- Born: 1952 (age 73–74) Oakville, Ontario, Canada
- Education: University of Guelph; University of Waterloo;
- Engineering career
- Discipline: Biomedical engineer
- Institutions: University of Alberta
- Awards: Member of the Alberta Order of Excellence; Meritorious Service Cross; Fellow of the Canadian Academy of Health Sciences; Queen Elizabeth II Platinum Jubilee Medal; Governor General's Innovation Award; Principal Award from the Manning Foundation; Jonas Salk Award; ASM International – ASM Engineering Materials Achievement Award; World Union of Wound Healing Society Lifetime Achievement Award; Fellow of the National Academy of Inventors;

= Robert Burrell =

Canadian biomedical engineer

Robert Burrell is a Canadian biomedical engineer, who As of 2026 is chair in the Department of Biomedical Engineering in the Faculty of Medicine and Dentistry at the University of Alberta.
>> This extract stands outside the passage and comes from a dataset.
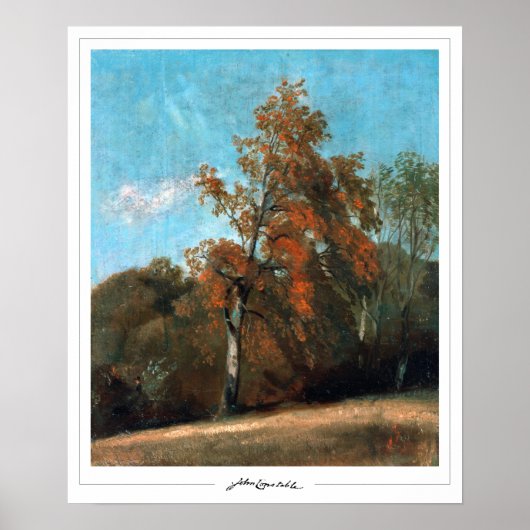 John Constable Zedign Poster d'art #23 (Devant)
He was Canada Research Chair at University of Alberta for two terms.

Burrell was born in 1952 in Oakville, Ontario, and he obtained his first degrees at the University of Guelph. He was awarded the Meritorious Service Cross on September 27, 2016, for ground-breaking work in therapeutic medical applications of nanotechnology, and was inducted into the Alberta Order of Excellence on October 17, 2019.